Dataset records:
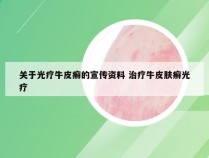 关于光疗牛皮癣的宣传资料 治疗牛皮肤癣光疗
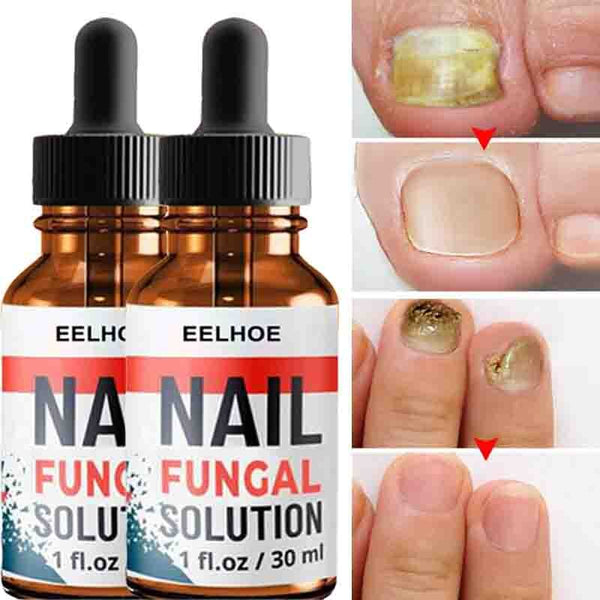 Nail Repair Serum Nail Fungal Treatment Serum Onychomycosis Paronychia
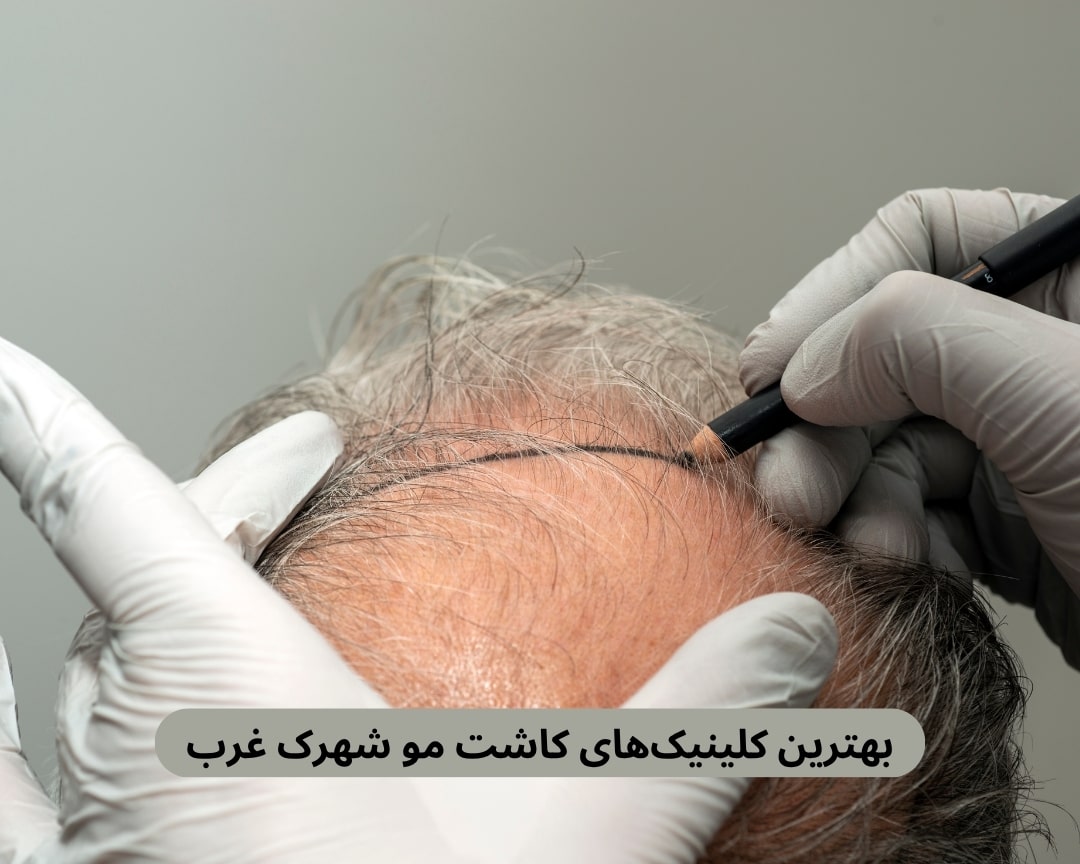 کلینیک کاشت مو شهرک غرب
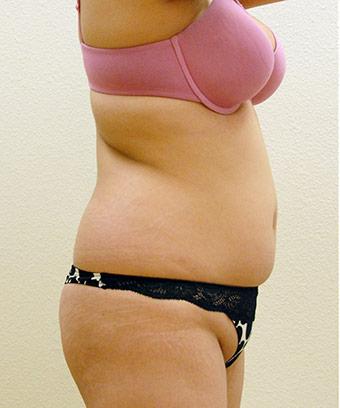 Liposuction Before & After Patient #1180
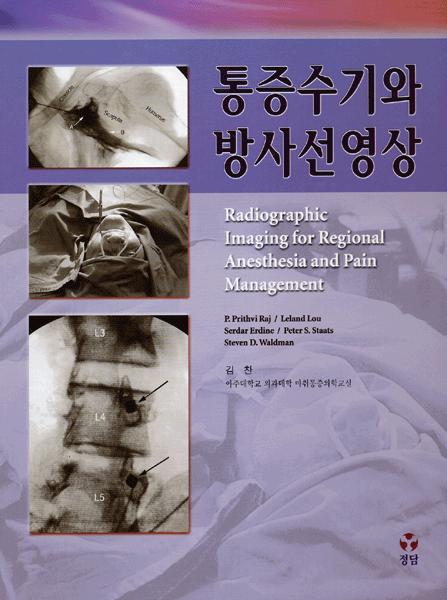 통증수기와 방사선영상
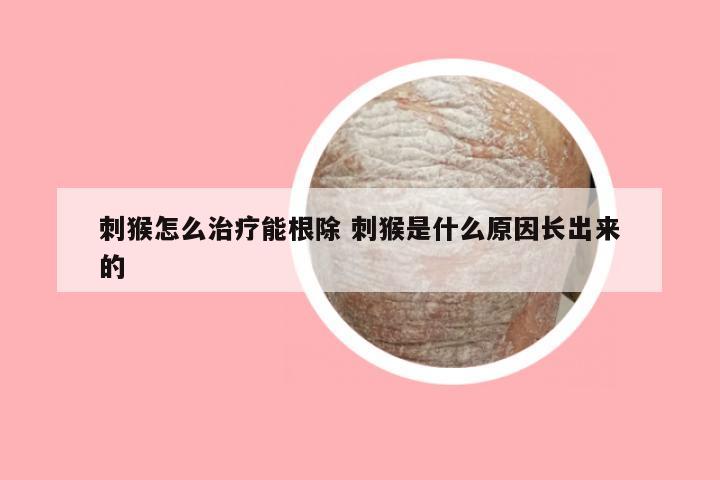 刺猴怎么治疗能根除 刺猴是什么原因长出来的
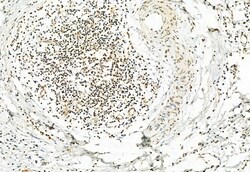 Invitrogen Phospho-ERK1/ERK2 (Thr202, Tyr204, Thr185, Tyr187) Polyclonal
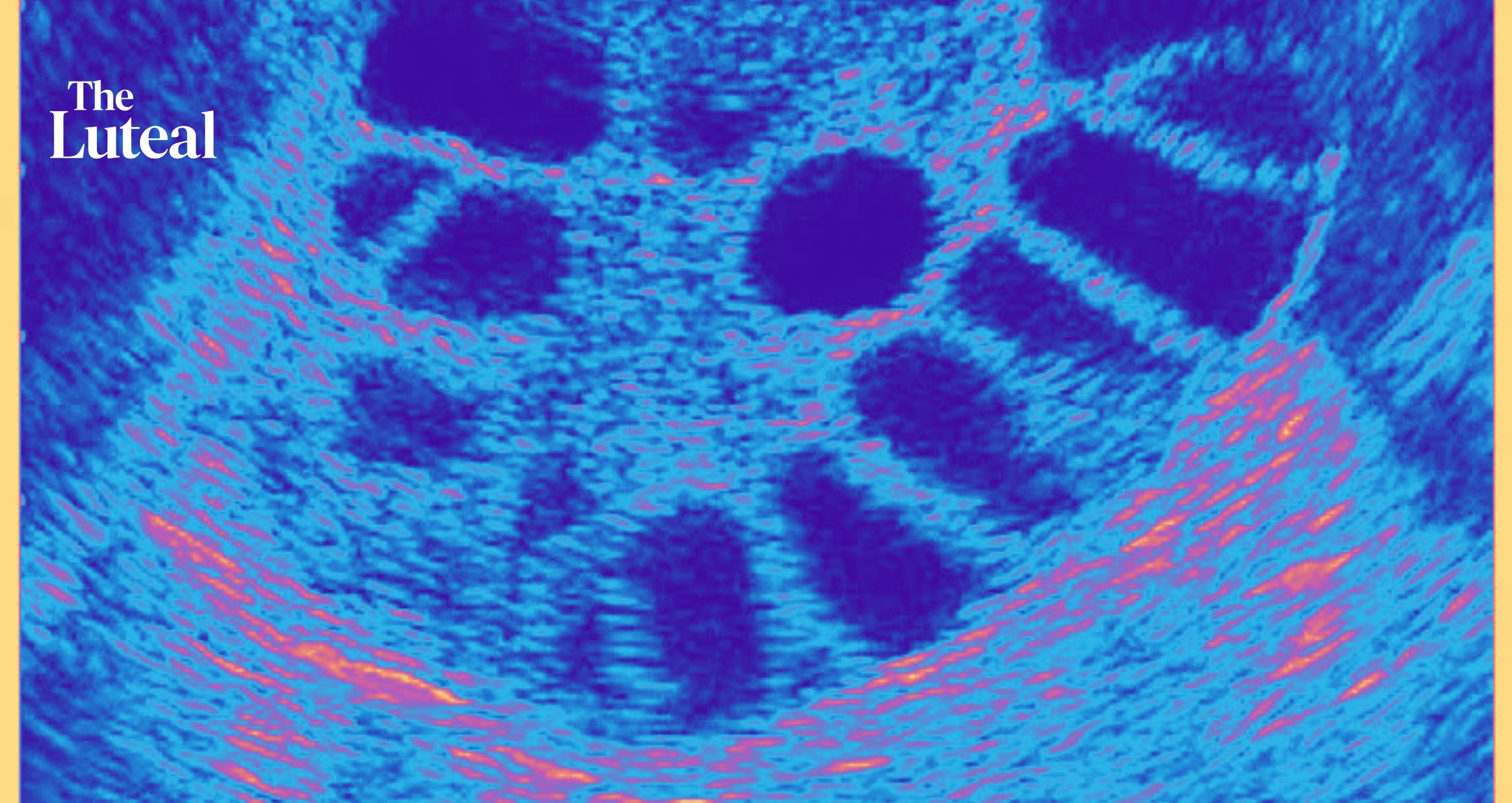 PCOS Is Officially PMOS — A One-Letter Change Aimed at Improving Women's Healthcare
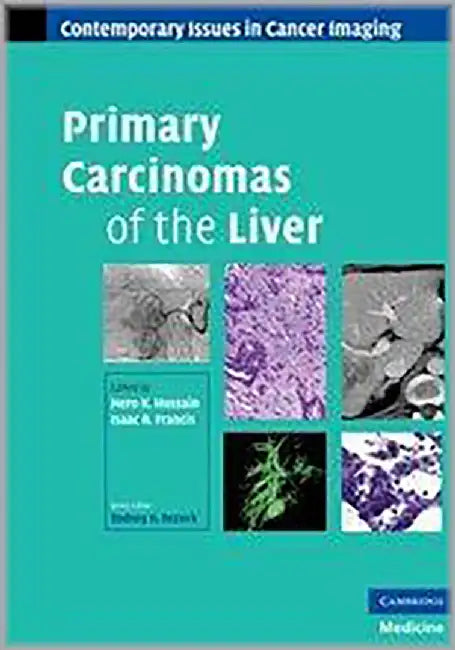Primary Carcinomas Of The Liver by Hero K. Hussain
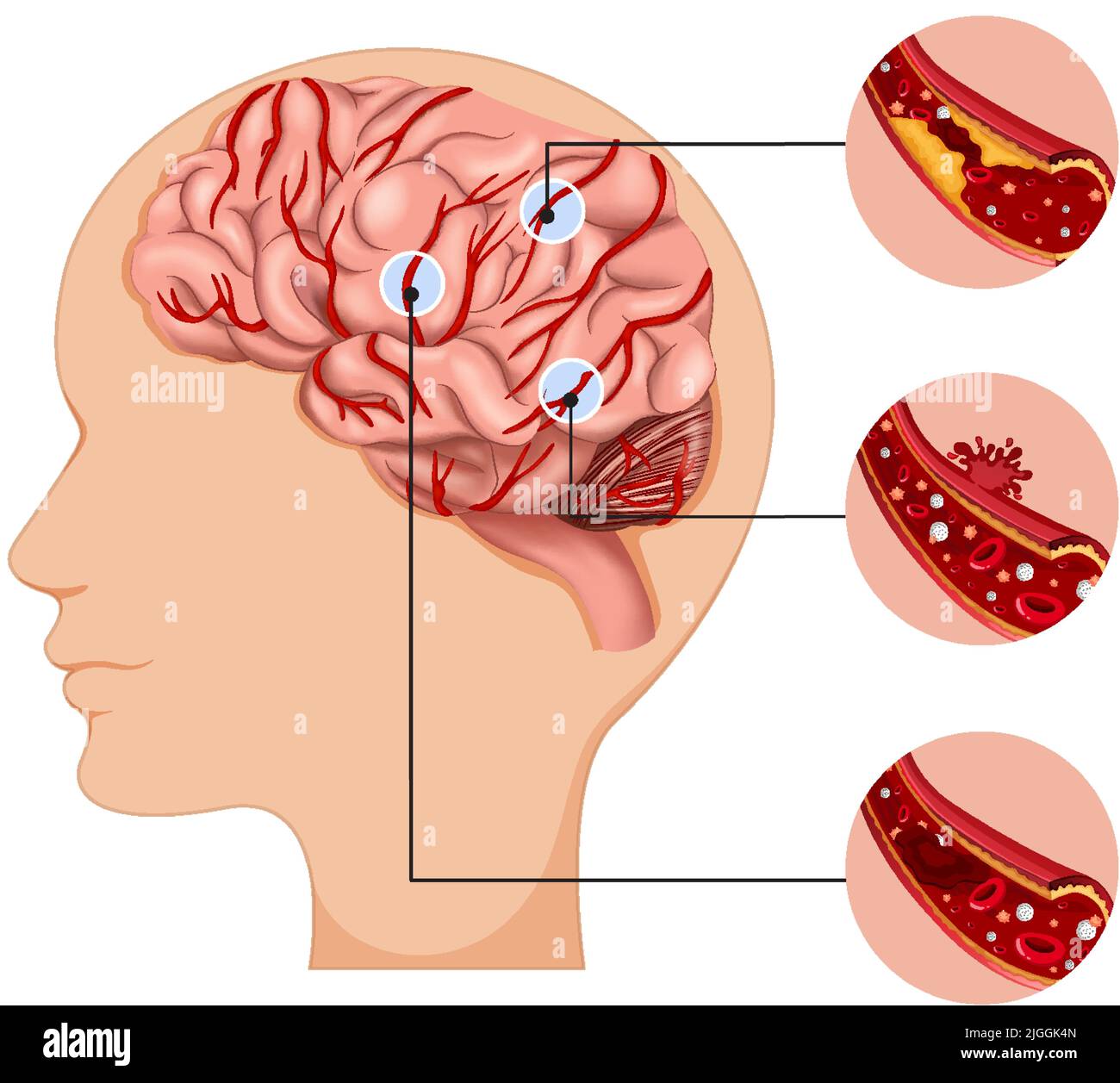 Human With Common Types Of Stroke Infographic Illustration Stock Vector there-are-three-types-of-strokes-hemorrhagic-stroke-ischemic-stroke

* What you need to do:
An exact printout of the entries is wanted, covering the first line through the line holding "Primary Carcinomas Of", with pictures kept out of it.

* Your solution:
 关于光疗牛皮癣的宣传资料 治疗牛皮肤癣光疗
 Nail Repair Serum Nail Fungal Treatment Serum Onychomycosis Paronychia
 کلینیک کاشت مو شهرک غرب
 Liposuction Before & After Patient #1180
 통증수기와 방사선영상
 刺猴怎么治疗能根除 刺猴是什么原因长出来的
 Invitrogen Phospho-ERK1/ERK2 (Thr202, Tyr204, Thr185, Tyr187) Polyclonal
 PCOS Is Officially PMOS — A One-Letter Change Aimed at Improving Women's Healthcare
Primary Carcinomas Of The Liver by Hero K. Hussain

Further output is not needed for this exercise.